I'd like to collect the my CPU power usage on some "plain" linux boxes (i.e. no fancy things like VMs or let alone K8s) via scaphandre or prometheus_node_exporter, running as systemd service and not as root.
The problem: The /sys/…/energy_uj
exposed by the kernel module intel_rapl_common
are by default owned by root and mode 0400.
My first approach was to
ExecStartPre=-+/usr/bin/modprobe intel_rapl_common
ExecStartPre=+/usr/bin/find /sys/devices/virtual/powercap -name energy_uj -exec chmod g+r -R {} + -exec chown root:powercap {} +
DynamicUser=yes
Group=powercap
While this does work (systemd apparently "creates" an ephemeral (primary) group just based on the existence of this service file, which is usable by chmod), I'd like a cleaner approach.
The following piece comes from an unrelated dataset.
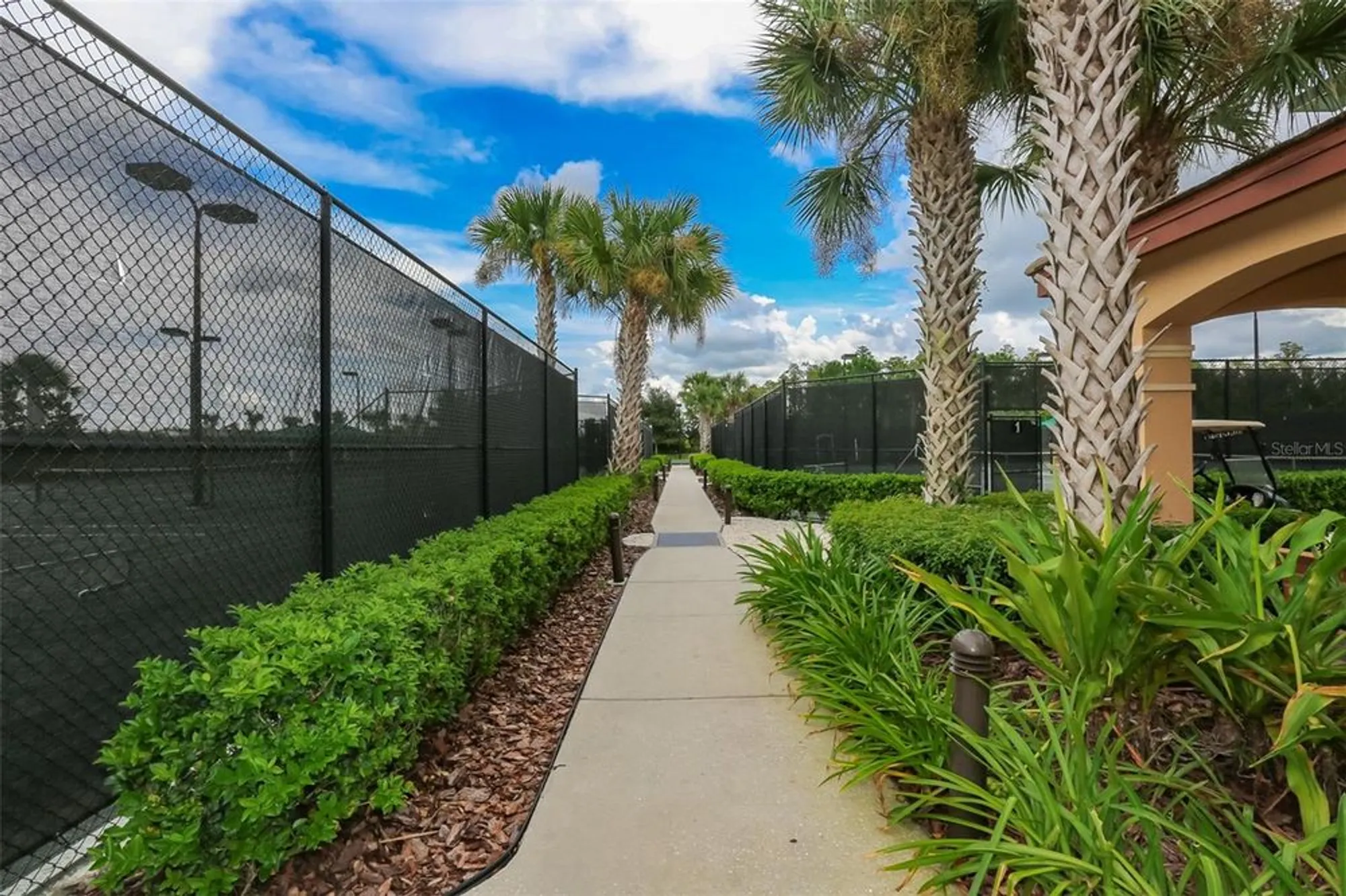 Property Slideshow image 49 of 67 | 15948 cobble mill dr, Wimauma, FL, 33598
So, I created the necessary entries in /usr/lib/sysusers.d/
, /usr/lib/modules-load.d/
to have a group powercap
and load the kernel module automatically, and I also added an udev rule:
ENV{SUBSYSTEM}=="powercap", ACTION=="add|change", MODE="0440", OWNER="root", GROUP="powercap"
but this rule seems to have no effect, the permissions and owner of all related folders are as before. However, it seems that the rule is properly applied, because when I do:
ENV{SUBSYSTEM}=="powercap", ACTION=="add|change", OWNER="root", PROGRAM+="/usr/bin/find /sys$env{DEVPATH} -name energy_uj -exec chmod g+r -R {} + -exec chown root:powercap {} +"
that rule works. But it feels like I've regressed towards the original systemd/ExecStartPre based solution.
So, sorry, I'm asking two questions as one:
- Is there a way to make the "clean" udev rule without
PROGRAM
change permissions and ownership?
- Or, alternatively, is there another similarly "clean" way to get read permissions?